Hayat hakkında yazılıp çizilenler, yapılan filmler şarkılar sonu gelmez gibidir. Yaşam sürdükçe yaşamı anlatmak ve tanımlamak da sürecektir. Ne şairlerin sözü bitecektir yaşam üstüne ne de yeni bir roman yazmaktan vazgeçecektir anlatacak bir hikayesi olanlar.
Bir Shakespeare gelip geçecektir bu dünyadan ve bir Yunus Emre bir Gabriel Garcia Marquez bir Dostoyevski ve bir gün bu listeye başka isimler ekleyecektir tarihi yazanlar.

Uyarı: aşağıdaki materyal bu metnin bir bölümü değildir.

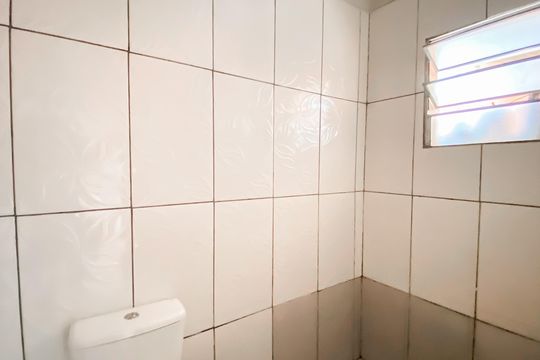 Banheiro  de casa para alugar com 1 quarto, 47m² em Cidade Nitro Operária, São Paulo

Özlü sözlerle tanımlayacaktır insanlar hayatı her biri kendi meşrebince, görüp bildikleriyle, tecrübeleriyle. Benim tanımlamama göre ise hayat tercihlerden ibarettir. Hep bir seçim yapıp hayatımıza yön verir, devam ederiz. Fakat hayatı şekillendiren seçimlerin ancak bir kısmı bize ait olan seçimlerdir. Örneğin dürüst olmak gerekirse pek az insan mevcut işinde kendi seçimlerinin doğrudan etkisi olduğunu söyleyebilir. Evlendiği kişiyi dahi pek çok insanın doğrudan kendi arzusu, hayalleri hedefleri doğrultusunda seçemediğini biliyoruz. Hatta insan aşık olmuş, çok sevmiş olarak evlenmiş olsa bile karar aşamasında karşısındaki kişiye de bağlı bir seçim olduğuna göre hayat asla kişinin tek başına kendi kararlarıyla şekillenmemektedir.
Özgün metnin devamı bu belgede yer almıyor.